After all, there was a tiny speaker in every PC that produced wonderful beeps
and boops. What more could we ask for?
Today, we explain how multimedia sound effects (SFX) have changed the PC,
including how we use SFX in the production of audio CDs. Stay tuned for an
education in the SFX resources that we have uncovered, including the libraries
available from Hollywood Edge, a major supplier to movie engineers.
Diverse Sources of Sound Effects
The addition of sound effects to games, PC events, and CD-ROM applications
truly shook-up the world of IBM compatibles. Microsoft's Windows 3.0 was
visually stunning for its time, but it was SFX that showed what multimedia
meant. Then Microsoft put out Bookshelf and Encarta with tons of sound effects,
including speech. From that period on, SFX seemed to have become indispensable
to PC users.
If you will let us talk about audio from a different point of view, we have a
personal anecdote that explains how SFX can suddenly became indispensable. For
years, I resisted hearing aids (call them SFX amplifiers) because I am a
musician with an old-fashioned pride. Then in 1997, digital hi-fi hearing aids
became available, and these contained enough beloved buzzwords that I was ready
to buy. I loved them instantly. This love bond is so strong, I groan in pain
when the audiologist wants to send even one aid to the factory for a SFX
tune-up. Similarly today, a PC user wants to hear SFX on every CD-ROM, DVD,
Window event, application tool, and PC-based training.
Our recent release of "Concert at the Castle" made us aware of the need to have
access to SFX. We were convinced that Renaissance music needed SFX to set the
stage, i.e., to put the music of the 16th century into a moving context. The CD
needed rain, footsteps, castle door noises, crowd noises, a trumpet fanfare,
and more. Now we have a Christmas CD in production and we want to add SFX that
exude love and holiday cheer. Where does one go for exactly the right SFX?
Let's begin with a listing of places to get cheap sound effects, but remember
that cheap is not guaranteed to be top-notch, and most free sources do not
include permission for free reproduction and distribution. So if your needs are
professional, keep track of what is legally yours to use.
Figure 1
(click to enlarge).
The Internet has several sites that contain modest collections of
free or inexpensive sound effects.
Semi-professional collections of SFX are on the shelves at your favorite PC
store. For example, the high quality Clickart 300,000 Premiere Image Pack also
includes 7,000 sounds, but these sounds are synthesized sounds as opposed to
real-life sampled sounds. Other multimedia collections are on the shelves,
including screensaver utilities that are full of sounds.

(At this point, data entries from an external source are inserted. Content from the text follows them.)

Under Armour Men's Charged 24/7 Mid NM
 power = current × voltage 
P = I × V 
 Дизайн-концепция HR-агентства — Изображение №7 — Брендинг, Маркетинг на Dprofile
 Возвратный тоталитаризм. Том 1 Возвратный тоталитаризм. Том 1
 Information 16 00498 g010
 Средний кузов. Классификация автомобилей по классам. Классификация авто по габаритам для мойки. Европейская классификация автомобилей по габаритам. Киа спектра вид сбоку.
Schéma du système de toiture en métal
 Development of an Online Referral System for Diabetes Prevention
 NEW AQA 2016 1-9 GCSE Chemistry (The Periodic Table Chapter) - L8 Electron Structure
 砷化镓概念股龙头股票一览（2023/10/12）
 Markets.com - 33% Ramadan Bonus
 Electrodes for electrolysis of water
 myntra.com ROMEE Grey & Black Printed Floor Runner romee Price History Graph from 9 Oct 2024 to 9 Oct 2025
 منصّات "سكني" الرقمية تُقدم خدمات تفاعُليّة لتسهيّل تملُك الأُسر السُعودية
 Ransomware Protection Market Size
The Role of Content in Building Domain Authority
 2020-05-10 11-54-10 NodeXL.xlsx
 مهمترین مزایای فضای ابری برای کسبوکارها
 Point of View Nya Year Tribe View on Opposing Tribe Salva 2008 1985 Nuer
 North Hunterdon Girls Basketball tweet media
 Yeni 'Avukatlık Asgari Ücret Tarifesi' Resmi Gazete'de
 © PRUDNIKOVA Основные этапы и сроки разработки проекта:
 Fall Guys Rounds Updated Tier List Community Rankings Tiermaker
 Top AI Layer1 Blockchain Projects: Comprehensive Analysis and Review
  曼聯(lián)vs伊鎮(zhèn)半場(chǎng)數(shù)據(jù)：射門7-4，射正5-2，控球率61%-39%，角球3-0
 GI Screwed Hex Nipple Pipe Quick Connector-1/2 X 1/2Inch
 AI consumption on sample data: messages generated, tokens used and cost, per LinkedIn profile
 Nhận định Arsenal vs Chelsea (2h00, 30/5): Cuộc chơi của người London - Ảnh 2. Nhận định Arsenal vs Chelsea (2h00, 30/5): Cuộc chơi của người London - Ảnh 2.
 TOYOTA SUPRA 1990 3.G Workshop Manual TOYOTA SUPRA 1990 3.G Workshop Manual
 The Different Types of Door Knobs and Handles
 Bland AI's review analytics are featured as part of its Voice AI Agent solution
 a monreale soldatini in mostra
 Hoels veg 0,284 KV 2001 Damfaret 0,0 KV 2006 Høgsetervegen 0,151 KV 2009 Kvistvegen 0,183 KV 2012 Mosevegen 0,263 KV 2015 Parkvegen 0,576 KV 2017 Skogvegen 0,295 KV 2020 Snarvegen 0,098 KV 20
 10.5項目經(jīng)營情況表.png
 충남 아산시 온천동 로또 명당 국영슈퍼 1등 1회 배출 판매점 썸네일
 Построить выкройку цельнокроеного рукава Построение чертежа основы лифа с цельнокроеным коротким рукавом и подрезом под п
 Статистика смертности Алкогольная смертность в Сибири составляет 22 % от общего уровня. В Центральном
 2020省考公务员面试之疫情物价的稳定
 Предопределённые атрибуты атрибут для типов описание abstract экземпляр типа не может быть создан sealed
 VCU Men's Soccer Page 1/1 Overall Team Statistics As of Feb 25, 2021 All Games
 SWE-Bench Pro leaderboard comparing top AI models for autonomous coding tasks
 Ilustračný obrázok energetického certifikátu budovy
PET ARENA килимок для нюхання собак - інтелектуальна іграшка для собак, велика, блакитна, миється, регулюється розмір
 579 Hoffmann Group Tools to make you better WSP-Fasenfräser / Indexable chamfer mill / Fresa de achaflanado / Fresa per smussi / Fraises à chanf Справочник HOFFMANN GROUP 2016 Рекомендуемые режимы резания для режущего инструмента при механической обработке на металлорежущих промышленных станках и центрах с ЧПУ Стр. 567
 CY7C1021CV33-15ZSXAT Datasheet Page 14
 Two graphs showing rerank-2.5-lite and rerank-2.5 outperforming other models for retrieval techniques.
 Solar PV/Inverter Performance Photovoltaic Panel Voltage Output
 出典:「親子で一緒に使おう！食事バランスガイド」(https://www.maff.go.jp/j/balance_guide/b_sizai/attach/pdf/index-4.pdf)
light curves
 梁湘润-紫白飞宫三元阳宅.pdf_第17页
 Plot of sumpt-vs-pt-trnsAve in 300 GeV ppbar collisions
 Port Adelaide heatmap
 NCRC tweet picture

Everyone has a home collection of recorded sounds that are part of
environmental tapes, mood tapes, self-improvement tapes, movies, music CDs,
CD-ROM encyclopedias, games, etc. The encyclopedias are especially rich
sources, but you may need to get written permission to use the SFX.
Check your TV guide for any programming that is likely to contain the required
SFX. Remember that radio programs with storytelling (e.g., "The Prairie Home
Companion") have SFX. Record the sound on a cassette and input it through your
sound card. Most cards include digitizing (A/D conversion) capabilities.
Search the Web and look at sites of the type seen in Figure 1 where modest
collections can be downloaded. This can be an agonizingly slow search, but
there is a lot out there, even if the quality level and legalities are going to
be in question. Include BBS databases in your search.
Of course, you can do it the old fashioned way. Back away from the PC keyboard.
Stretch your tired muscles. Put some vision drops into your reddened eyeballs
and go in search of the SFX. Grab your tape recorder plus microphone and find
or stage the needed SFX. The pros often have to do this if they don't turn to
companies such as the Hollywood Edge (below).
Hollywood Edge has SFX
If you want sound effects that have been recorded professionally from staged or
live sampled events, then you turn to companies that have the equipment and
dedication to do the job right. Top-notch, hi-fi SFX are needed in huge
quantities by movie and audio companies so there is a market for SFX in
collections that go beyond just getting a generic sound such as "door."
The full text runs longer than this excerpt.